In the course of the planned acting, the character bends over so a body part ( head, hand etc) superimposes overtop the lampshade--and it "disappears" in the midst of that colour spot. Obviously, that would/could look horrendous on screen.
The keys in this case can help you identify this kind of conflict quickly, and help you determine whether you want to keep the lamp, get rid of it, or change the posing/acting of the character, OR change the colours of things.

You could move the lamp and table and then find that a arm gesture places a hand overtop the same lampshade--again, giving you an opportunity to change things.
Something like the lampshade could be changed from a tan colour to a terracotta, for example--providing you with constrast from the character, but not neccessitating any placement changes in the built enironment.
As I said before, the keys give you these options and control.

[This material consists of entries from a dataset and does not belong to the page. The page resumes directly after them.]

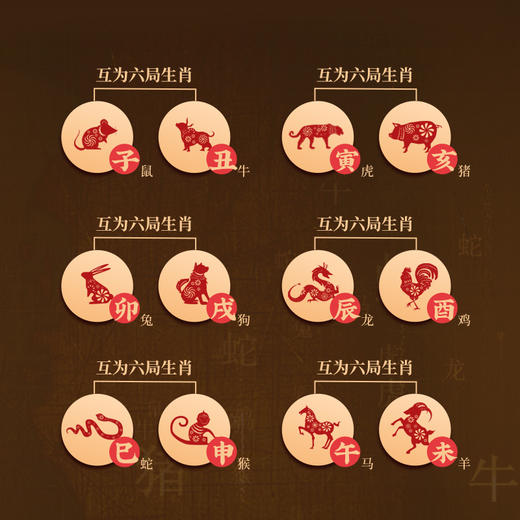 【祈愿吉品】十二生肖六合生肖摆件 商品图4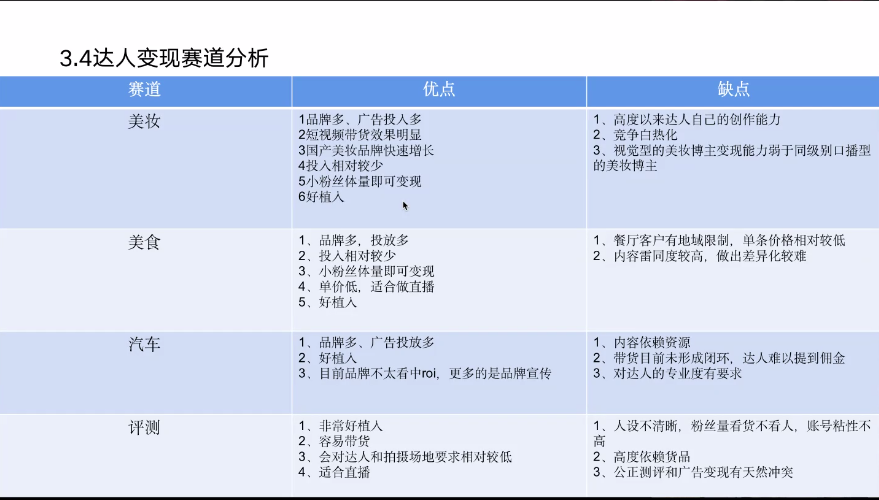 云端进修 | 教育部1+ X自媒体运营职业技能等级证书(高级)师资培训成功开班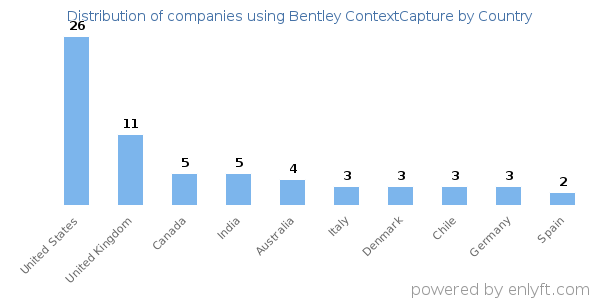 Bentley ContextCapture customers by country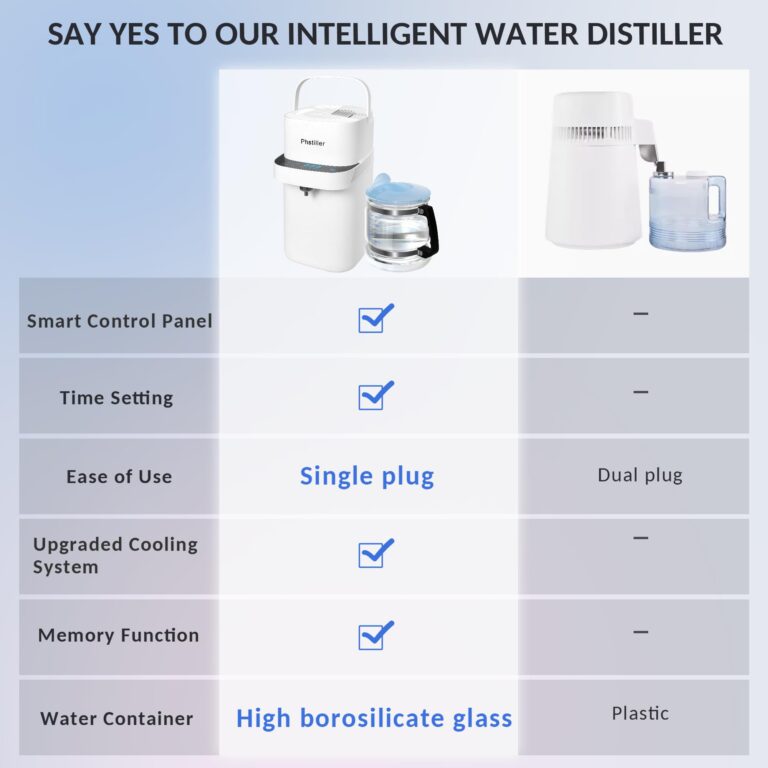 Smart Water Distiller for Home - 1.1 Gal Countertop Distilled Water Maker Machine with Real-time Monitoring for Distilling, 750W Home Distiller Maker Purifier with 4L Glass Container for Table Office - Image 4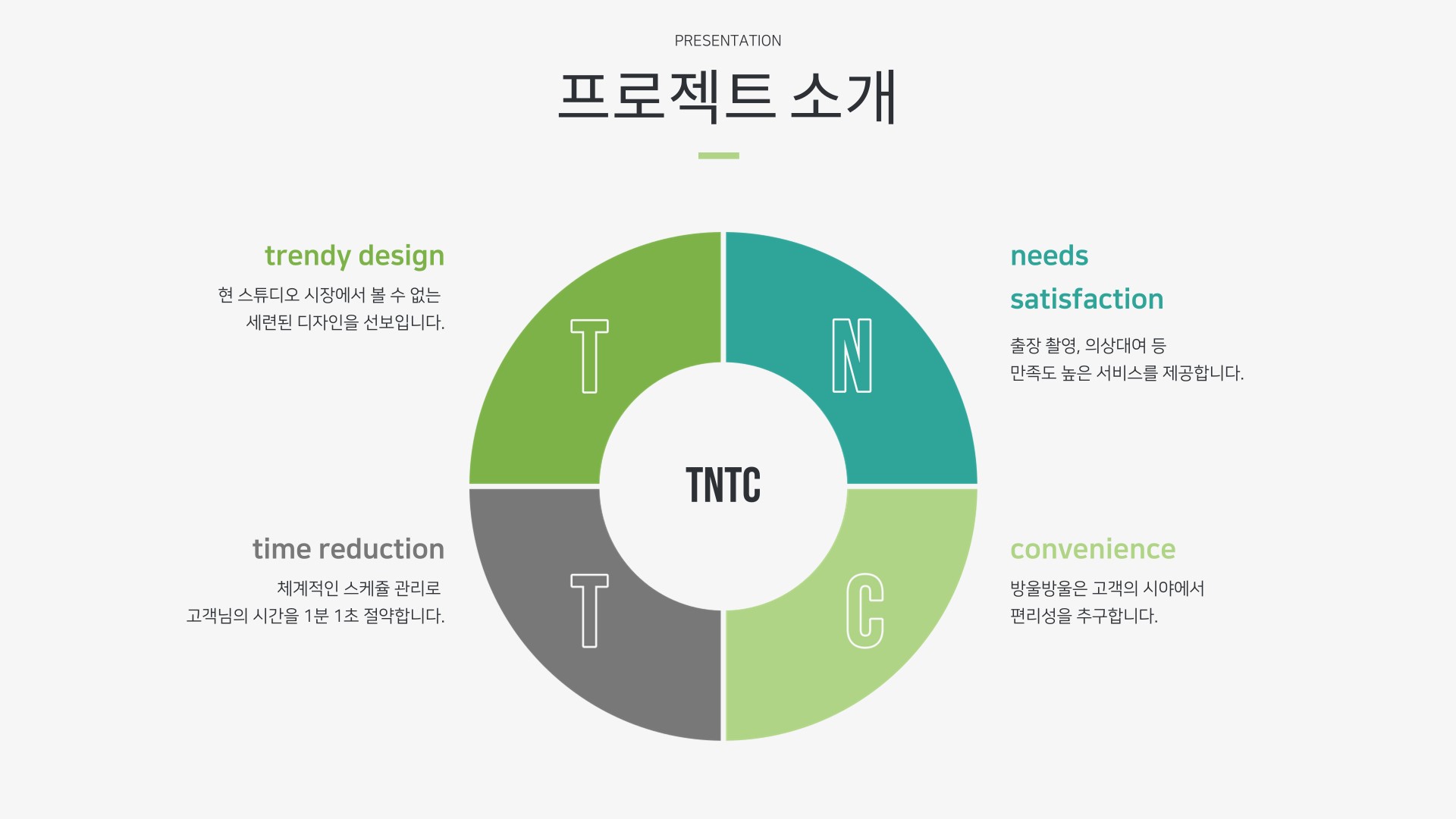 ICIB-Portfolio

"We all grow older, we do not have to grow up"--Archie Goodwin ( 1937-1998)

ah right

i didnt realise that proceedure had a name beyond being called common sense

thanks for the lesson mr davis
for more movies and downloads

the fastest polygon in the west!


Mood too.

Color keys are really helpful with the mood in an animated film. Whether its at night or during the day- the weather, atmosphere, etc.... all the good stuff Ken said.


thanks guys, a million fold

OK folks, (especially Ken) This has been EXTREMELY helpful.
One thing we are budgetted for is to go out-of-house for environment concept design, and I've chosen a great artist who does everything in colour and also has a great eye for tones and atmospheres.
Characters....we already have them actually, we have been blatently told to re-use characters from a previous version of the show, because they are recognized here in Taiwan. We will upgrade the characters in many ways, obviously, and we'll also play with the colour tones of the character's clothing.
Which means, by placing character renders over top of the environment concept paintings, then playing with them together in photoshop, that should give us the colour keys we need. I hope.
You guys (especially Ken) were super-clear, and 100% right.